Como se pode conciliar a mimesis platónica e a praxis artística exaltando o corpo nomeadamente dos artistas Fídias, Míron, Policleto ou, mesmo, Skopas? É com Sócrates e Platão que começa a acusação do corpo. «O corpo impede de adquirir verdade e pensamento (...) enquanto tivermos o nosso corpo e enquanto a nossa alma estiver misturada com esta coisa má, jamais possuiremos suficientemente o objecto de desejo[6]». Ora o desejo é, para Sócrates, a verdade - logos. A distinção entre ser e aparência assume uma ruptura evidente com Sócrates e mais tarde com Platão. O olhar que vê o fenómeno perde a sua simplicidade primeira. A aparência passa a ser pensada como ilusão. A verdade deixa de estar no corpo presente (aparência) e passa a estar no corpo ausente (Ideia).
Neste sentido, a desvalorização dos artistas é mais notória e está evidenciada na “máxima” de que o artesão estava mais próximo da verdade do que o artista, e explica-a através da metáfora do carpinteiro que ao fazer uma cama, parte da Ideia para a essência, enquanto o pintor que a reproduz não faz mais do que imitá-la (essência). Assim o artista estaria mais afastado da Ideia do que o artífice cuja concepção platónica de Ideia assume um carácter absoluto numa dimensão tripartida: Verdade, Belo e o Bem.
Para Platão a Ideia (o Belo a Verdade e o Bem) era atingida pelo despojamento do domínio sensível e material e superando-o pela reflexão racional - o corpo ausente. Nesta ascese intelectual a “arte” só podia representar as aparências, mimesis, referindo as artes imitativas e representativas como téchne, já que elas eram do domínio do sensível - o corpo presente.

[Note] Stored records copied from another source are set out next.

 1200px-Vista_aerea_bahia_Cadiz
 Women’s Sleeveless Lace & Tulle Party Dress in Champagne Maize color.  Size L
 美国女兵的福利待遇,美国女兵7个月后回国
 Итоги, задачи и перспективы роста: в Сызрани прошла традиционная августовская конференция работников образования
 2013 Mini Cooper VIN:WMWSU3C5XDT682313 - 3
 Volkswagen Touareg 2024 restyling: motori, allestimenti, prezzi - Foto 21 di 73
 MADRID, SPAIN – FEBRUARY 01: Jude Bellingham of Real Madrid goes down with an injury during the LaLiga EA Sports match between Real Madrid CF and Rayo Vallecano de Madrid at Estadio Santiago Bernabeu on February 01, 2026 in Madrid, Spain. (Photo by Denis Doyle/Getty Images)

Contudo, a pintura e a escultura sendo artes da imitação, mesmo que fiéis à natureza do objecto retratado, resultam da exaltação do corpo presente, da sublimação das paixões que são meras ilusões temporais e não passam de meros distrates da razão.
À semelhança de Platão, Aristóteles, reduz a arte ao conceito mimético considerando a beleza da natureza superior à da arte. Por conseguinte, o Belo não é essência da arte. O realismo aristotélico contrapõe-se ao idealismo platónico[7] defendendo o prazer estético das obras de arte e que a beleza devia ser verosímil mesmo quando repugnante (feio) deveria ser motivo de representação. Mas, ao contrário de Platão, reserva o estudo da fantasia, como origem do pensamento, ao carácter psicológico defendendo a catarsis, libertação das paixões (função atribuída à tragédia), estando ligada à ideia de libertação das paixões para as melhor controlar. Em contraposição da formação do logos clássico a ascese do eros mitológico atingiu formas de devoção divina.

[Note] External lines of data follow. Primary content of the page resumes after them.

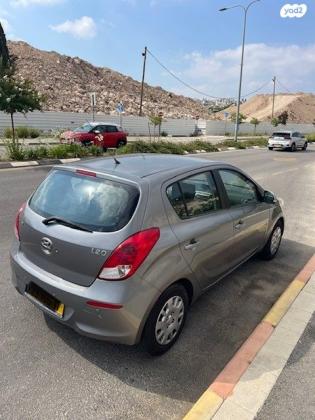 יונדאי i20 Insight אוט' 1.4 (100 כ"ס) בנזין 2013 למכירה בקרית טבעון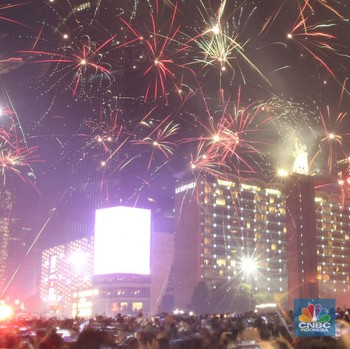 2 Tahun Vakum, Perayaan Tahun Baru 2023 Pecah di Jakarta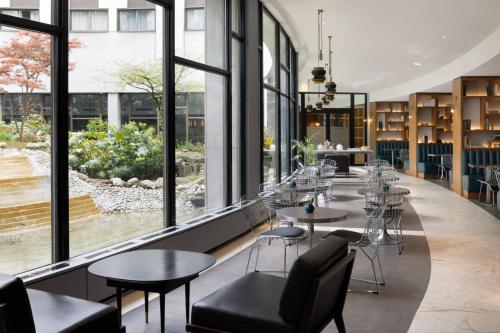 le meridien etoile hotel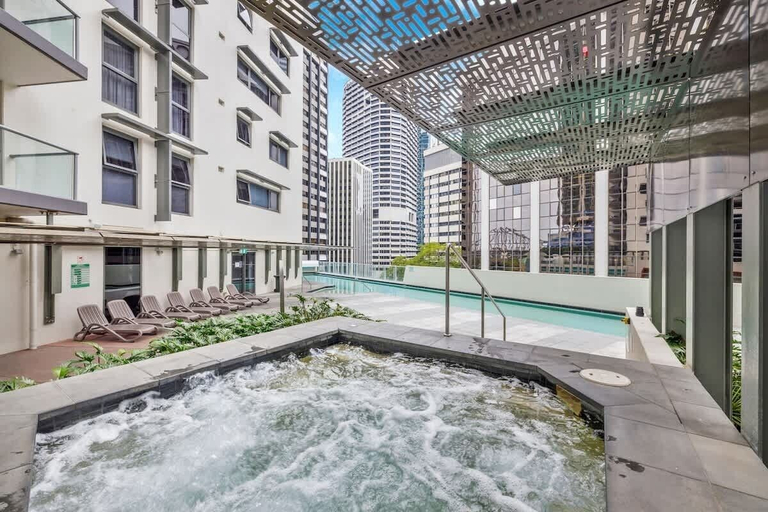 Interior 5, Breathtaking! 2bed/2bath/1car/balcony/views ~ CBD, Brisbane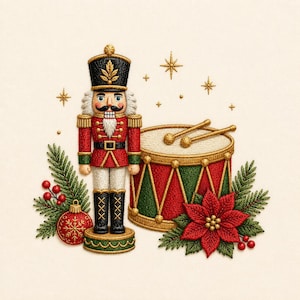 Puede incluir: Un bordado de un cascanueces con uniforme negro, rojo y blanco junto a un tambor rojo y verde con dos baquetas. La escena incluye un adorno navideño rojo, ramas de pino verdes, bayas rojas y una flor de pascua roja como decoración.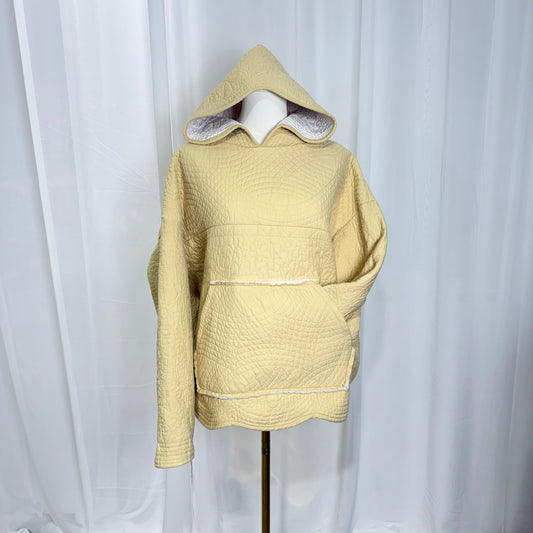 Shy Yellow Quiltoodie (M)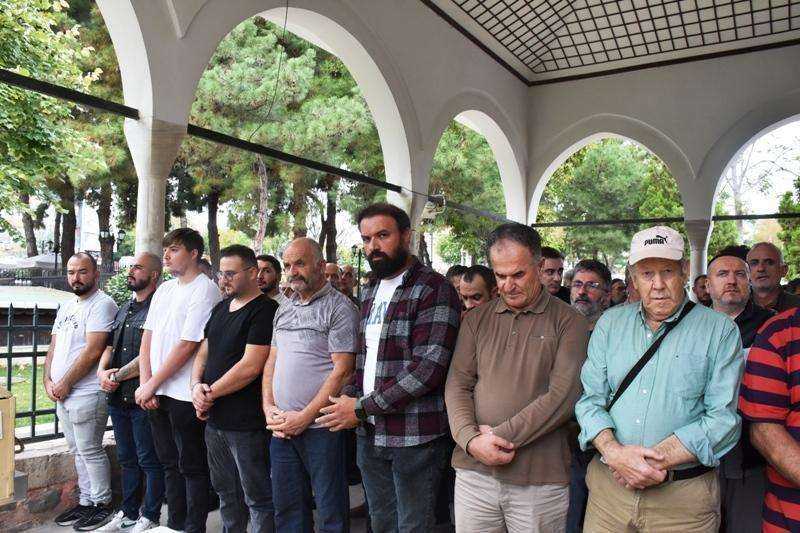 SÜLEYMAN DEMİRCİ DEFNEDİLDİ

Assim, a arte é o resultado de uma análise da perfeição do corpo humano, o corpo clássico[8], que parte de uma conquista sobre o real sempre estruturada dentro da forma perfeita: o Cânone, a geometria que está no real, ou seja uma poética que glorifica a areté[9] do corpo humano e vê neste corpo a manifestação de um justo equilíbrio de números.
O corpo humano para o artista grego não é um modelo mas um módulo, o fenómeno em que o ser se manifesta, emerge e brilha. É ser, estar, aparecer. Por isso, o Cânone de Policleto não é um código estético. Não se trata de “criar” mas sim de “descobrir” - alétheia[10]. Não se trata de criar uma forma de beleza, pois a beleza não é exterior àquilo que manifesta. Trata-se de decifrar a lei do corpo humano, a proporção, a simetria, que esse corpo manifesta e que o insere na ordem do universo.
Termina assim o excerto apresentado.